Je voulais dire "_avois les *dix *doigts croisés_". cependant, *croiser les doigts* veut dire seulement croiser l'index et le majeur.


----------



## IMANAKBARI

Je croise les doigts pour croire que tout est faux , faux , vraiment faux ! (Ecoute Mes larmes par Darius Denon)
Voir "croiser les doigts" afin de souhaiter "bonne chance" à qqn : http://05.img.v4.skyrock.net/050/ta-chance/pics/2588313369_small_2.jpg



Anna-chonger said:


> Merci à vous !
> Mais je crains que vous ayez mal compris ma question, ce qui est peut-être dû au fait que j'avais mal tapé.
> Je voulais dire "_avois les *dix *doigts croisés_". cependant, *croiser les doigts* veut dire seulement croiser l'index et le majeur.


 

Hummm...! Peut-être qu'il s'agit de souhaiter une grande bonne chance !
"Croiser les doigts" c'est "croiser les doigts" en tout cas ! soit un doigt soit dix doigts .
C'est ce que je crois !


----------



## Punky Zoé

Bonjour Anna,

Je ne crois pas que le fait de croiser les dix doigts de la main soit une pratique courante, ici et du fait qu'elle ait un nom particulier.





The_flake said:


> Je vois plutôt ça comme un appel à la chance, avant de passer un examen ou un entretien par exemple. C'est le voeu que la chose se réalise ou réussisse.





xmarabout said:


> Pour dire ce que je disais, je me base sur l'origine du signe: on croise les doigts pour figurer une croix (symbole chrétien) qui est sensé faire fuir les esprits malins.
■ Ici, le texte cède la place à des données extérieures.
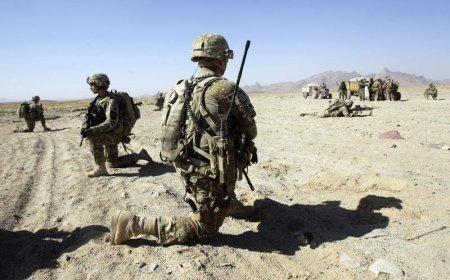 U.S. Army soldiers of 2nd Battalion 1st Infantry Regiment take up positions while Afghan soldiers search motorists during a joint U.S.-Afghan military patrol in a village in Arghandab Valley in Kandahar province southern Afghanistan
Donc, en étant puriste et en faisant appel à l'origine du signe, ce n'est pas un appel à la chance mais un signe pour _écarter la malchance_. C'est donc aussi le voeu _que rien ne se mettent en travers d_e la réussite de quelque chose... Je l'ai dit, la différence est subtile...


Bonjour

Aujourd'hui, c'est bien les deux ! Et cette explication sur l'origine supposée de l'expression, montre bien que la croix a pris un pet de travers !


----------



## The_flake

Anna, quand tu dis croiser les dix doigts, au final c'est croiser les mains comme en prière non? Si c'est le cas c'est donc "croiser les mains".


----------



## Anna-chonger

The_flake said:


> Anna, quand tu dis croiser les dix doigts, au final c'est croiser les mains comme en prière non? Si c'est le cas c'est donc "croiser les mains".


 Oui ! c'est ce que je cherchais ! Merci beaucoup !


----------



## KaRiNe_Fr

Salut Anna-chonger,

Si c'est « croiser les mains comme en prière » c'est alors plutôt « joindre les mains »...


----------



## Anna-chonger

KaRiNe_Fr said:


> Salut Anna-chonger,
> 
> Si c'est « croiser les mains comme en prière » c'est alors plutôt « joindre les mains »...


 Ah !c'était ça ! Merci Karine pour cette information importante !


----------



## KaRiNe_Fr

J'espère que c'est bien de ça que tu veux parler ?


----------



## Anna-chonger

KaRiNe_Fr said:


> J'espère que c'est bien de ça que tu veux parler ?


Malheureusement la page n'a pas pu être affichée...


----------



## Punky Zoé

Anna-chonger said:


> Malheureusement la page n'a pas pu être affichée...


C'est bizarre, moi, je la vois...


----------



## KaRiNe_Fr

Anna-chonger said:


> Malheureusement la page n'a pas pu être affichée...


Voici d'autres liens (pour éviter la censure ? ) : Ici, là, ou là-bas...


----------



## Anna-chonger

Enfin ! L'une a marché ! Merci c'est bien ça !


----------